Luckily that error–the error upon which we’ve built all societies so far–is much easier to see than the one addressed in “Meet the Third Thing.” However, because the two are related, I’ve decided to deal with first things first, and offer some comments on what I believe is the lesson of “Meet the Third Thing.” My analysis of this has not been endorsed, nor even verified as correct, by Mr. Swann.

A man is a rational, volitional being. This means that he is driven by his conceptual faculty. With the ability to abstract comes the ability to conceptualize that which isn’t. We can imagine things that never existed and never will…balls rolling uphill, unicorns, a Heaven with dancing virgins. You name it, and we can imagine it.

Among the more relevant things we can conceptualize are choices. We have the ability to imagine various courses of action and various likely outcomes from those actions. Indeed, once we raise ourselves above the level of purely perceptual animals seeking only physical survival, our ability to conceptualize choices is all we have. It is the cause of each and every action we take. There may be underlying instincts, and we are not immune from the animal drive to survive, but our exclusive causal factor is our own conceptualizing mind and the choices for which that mind decides to opt. We may do much of it out of habit, but it’s still volitionally motivated. A person who has no volition does not live as a person. We say “man qua man” and this means an animal driven by his conceptual, volitional faculty.

Ayn Rand addressed most of this. When officialobjectivism.com gets going, we’ll look at many of the things she said about this fundamental identification. But for now, we’re dealing with the misidentification most of us make, as we go about dealing with others. Like all mistakes, it takes the general form of “identifying a thing as it is not.”

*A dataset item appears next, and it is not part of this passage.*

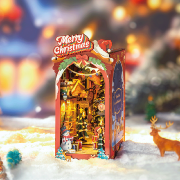 Kit Maquette Book Nook à fabriquer Scène de Noël Christmas Street 13x19x25 cm TGC06 Serre-livres 3D miniature Rolife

A blade of grass is a very simple thing. Besides our advanced knowledge of the physics of its life-cycle, we also understand what it is and what it does. It’s a blade of grass; duh. However, we may treat a blade of grass as anything we wish. We could treat it as a pet…caring for it, protecting it, loving it. There is no limit to how we may treat a blade of grass, all the way up to and including taking it as God Himself. Like all things, this is a choice and there is not an entity in the universe that can literally stop you from treating a blade of grass as anything you wish. This is the wonder of volition.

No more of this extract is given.